Jottings By An Employer's Lawyer

Friday, January 15, 2010

It Is New Jersey, But Business to Business Sex Harassment?


Although my NJ friends who do the same thing I do have been claiming for some time that the Garden State has surpassed California as the most employer hostile environment, I was still surprised to see this headline, Business-to-Business Sex Harassment? N.J. Court Says It's Real.
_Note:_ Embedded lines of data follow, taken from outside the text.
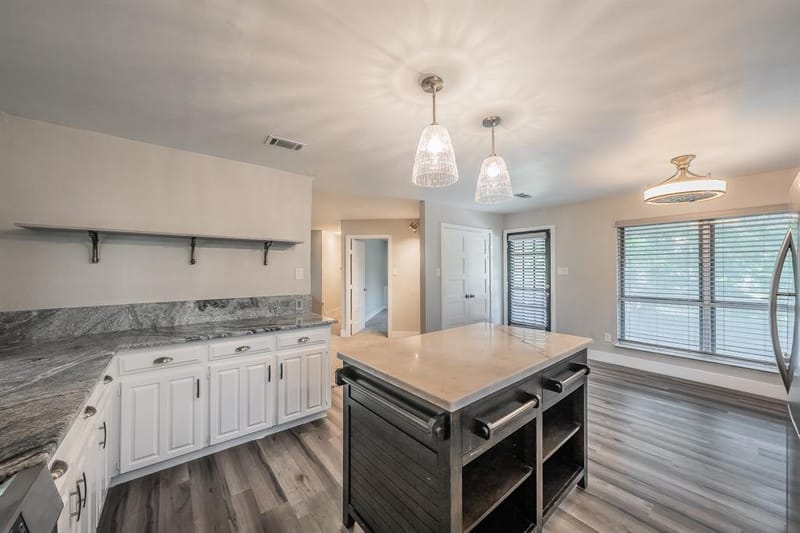 1724 Prestonwood Drive, Arlington TX 76012 - Photo 15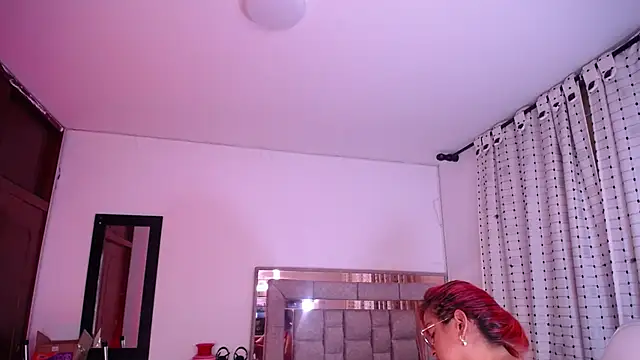 salomecastro  online show from March 11, 10:18 am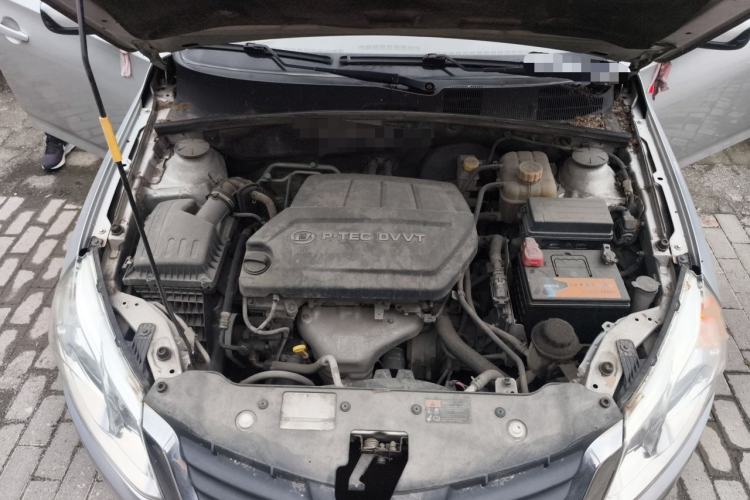 Used Baojun 630 2013 1.5L manual Entry-level trim Engine Bay
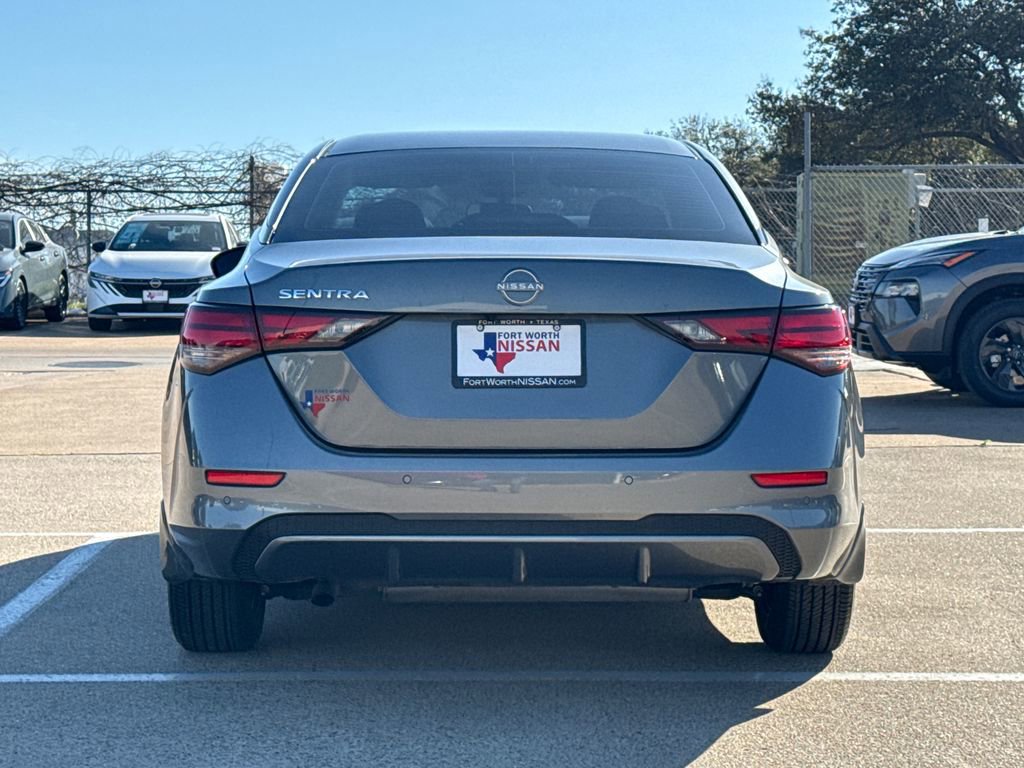 Used 2025 Nissan Sentra S image 8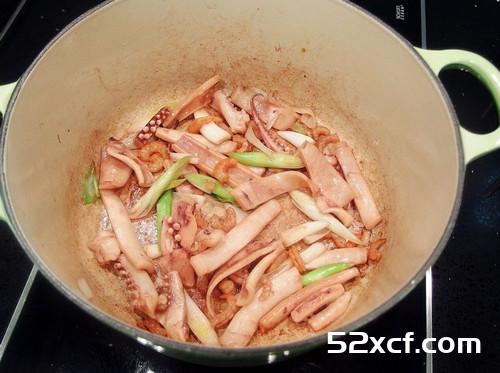 鱿鱼螺肉蒜汤的做法
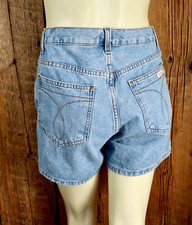 Vintage Calvin Klein 5 Inch Easy Fit Nicely Faded Denim Shorts Size 6 28x5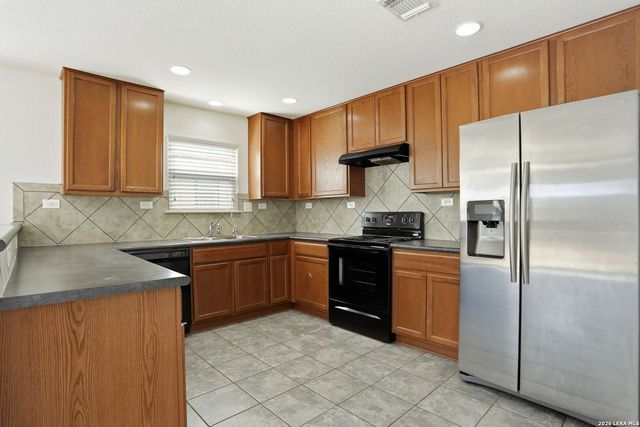 7010 Pescala Ridge, San Antonio, TX 78252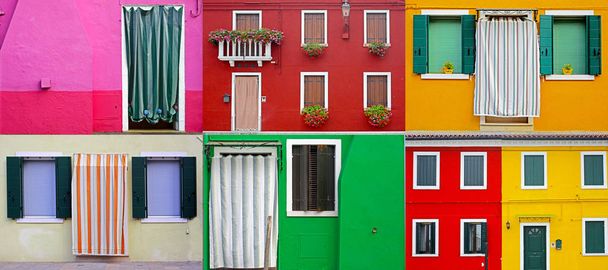 Coloridos edificios en la isla de Burano calle soleada, conjunto
 - Foto, Imagen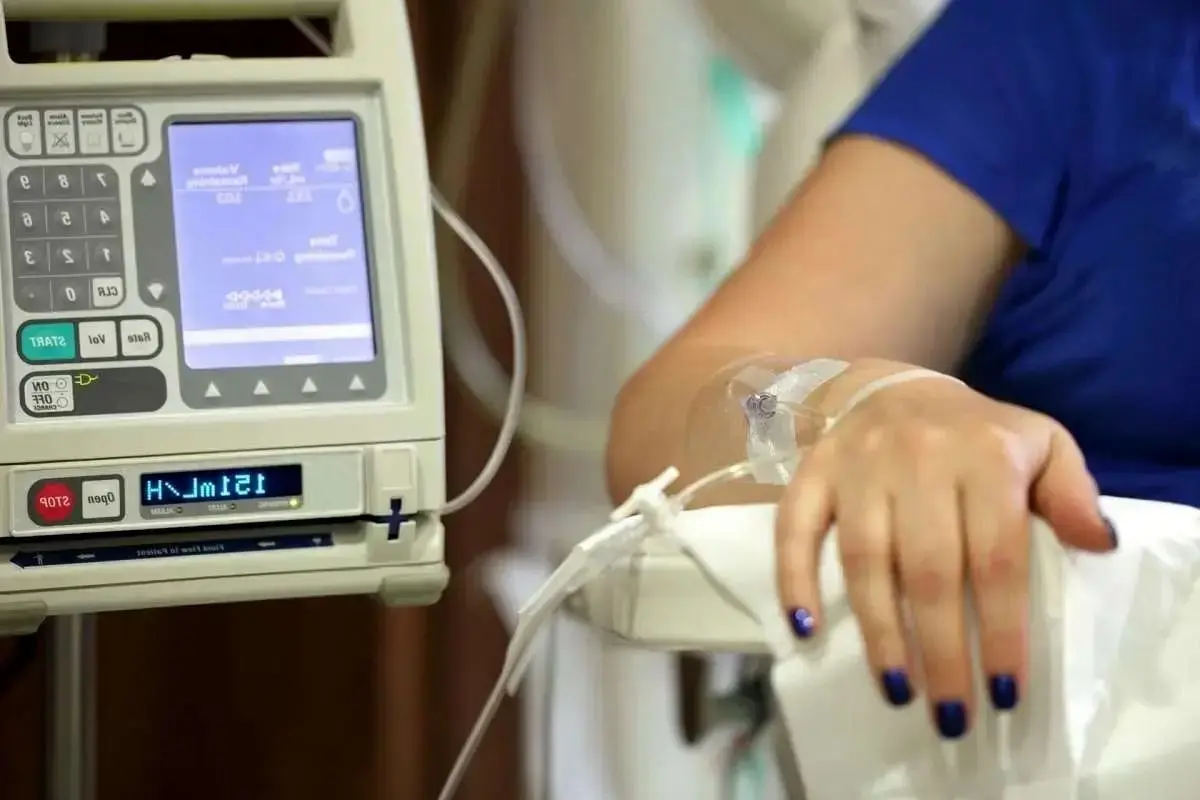 چرا بعد از شیمی‌درمانی دچار فراموشی می‌شویم؟ | راه های درمان چیست؟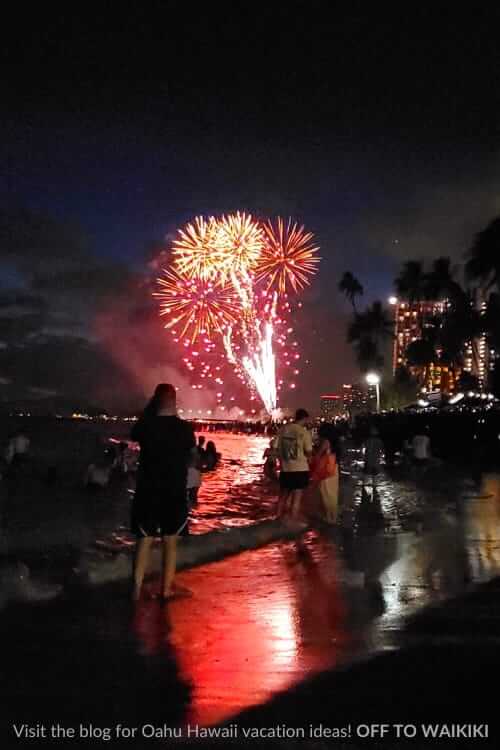 best spot to watch friday night fireworks in waikiki: fort derussy beach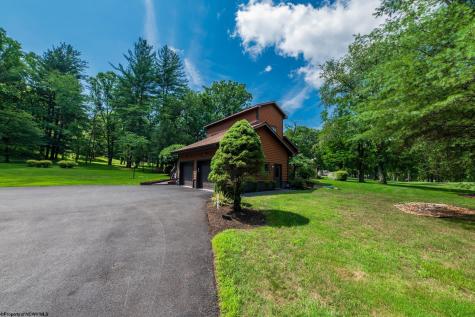 102 Country Club Court Terra Alta WV 26764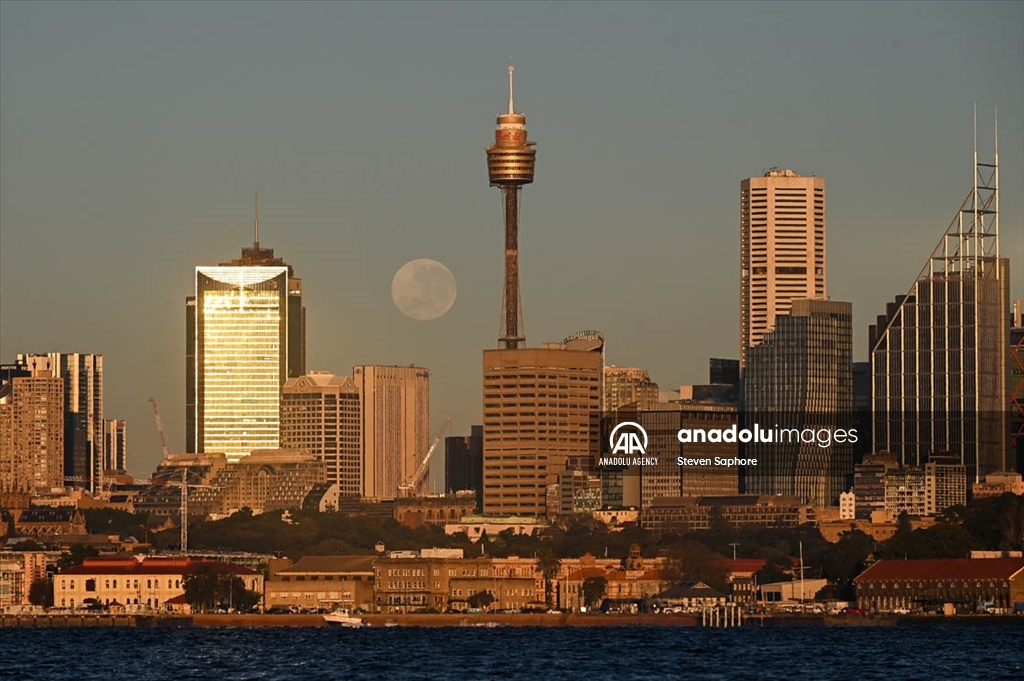 „Супер месечина“ во Сиднеј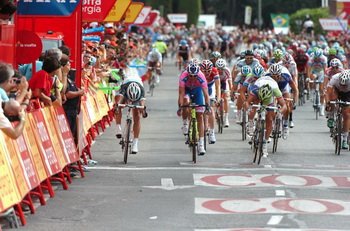 Daniele Bennati (Leopard Trek), Alessandro Petacchi (Lampre ISD) i Peter Sagan (Liquigas-Cannondale) walczą o zwycięstwo na 21. etapie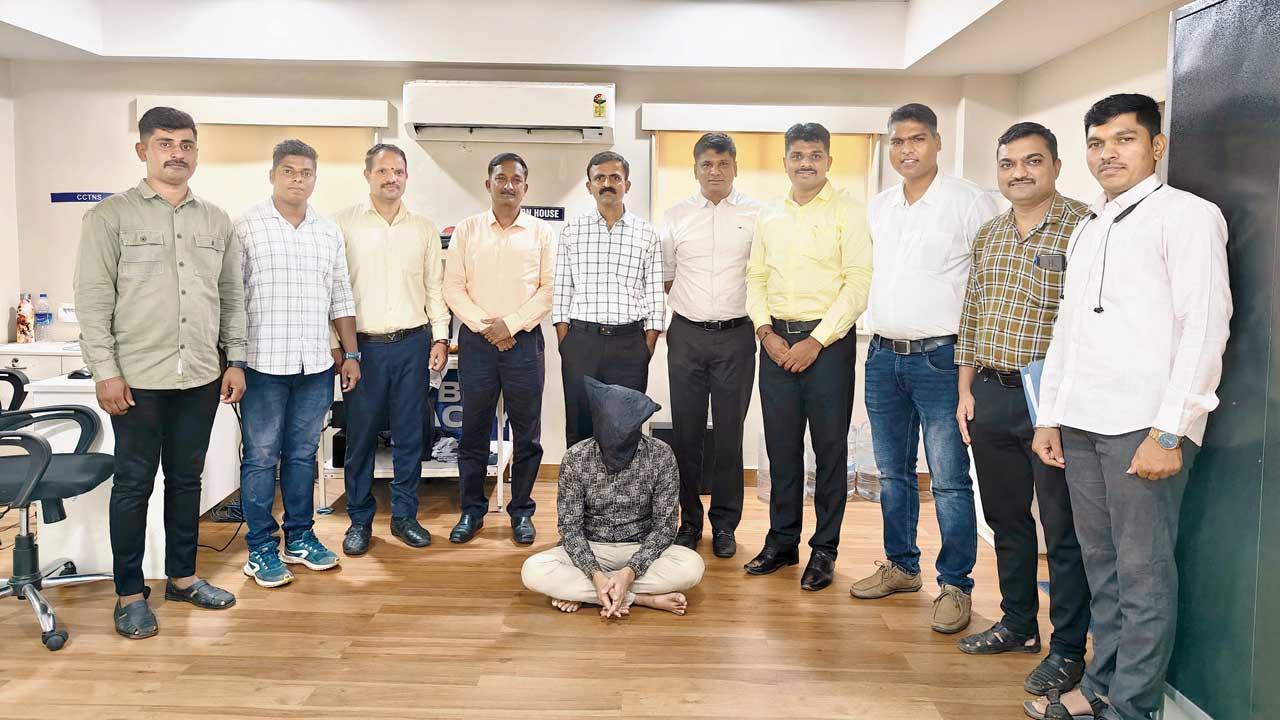 નવી મુંબઈની સાઇબર ટીમે કૌશિક ઇટાલિયાની ધરપકડ કરી હતી.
Actually, as is often true behind surprising cases, there was a healthy dose of creative lawyering. When the owner of J.T.'s Tire Service, Eileen Totorello felt she was losing a $29,000 a month account because she would not have a sexual relationship with the customer's manager, her lawyer, Elizabeth Zuckerman, brought a quid pro quo, sexual harassment suit under the section of the NJ Law Against Discrimination which makes it illegal to "refuse to buy from, sell to, lease from or to, license, contract with, or trade with, provide goods, services or information to, or otherwise do business with any other person" on the basis of gender or other LAD-protected categories.

After the trial court dismissed the claim, J.T. Tires appealed. Among the defendant's arguments to the three judge panel was that female business owners did not need protection against sexual harassment, and that such a claim was viable only under the employment provision of the LAD, not the section prohibiting gender discrimination in business transactions.

Not so, according to Judge Susan Reisner, one of the two women on the three judge panel. The decision can be found here.

Not surprisingly, the defendant is considering an appeal. While I don't know much about the NJ Supreme Court, what little I do know, does not make me think it is highly likely that it will turn out differently.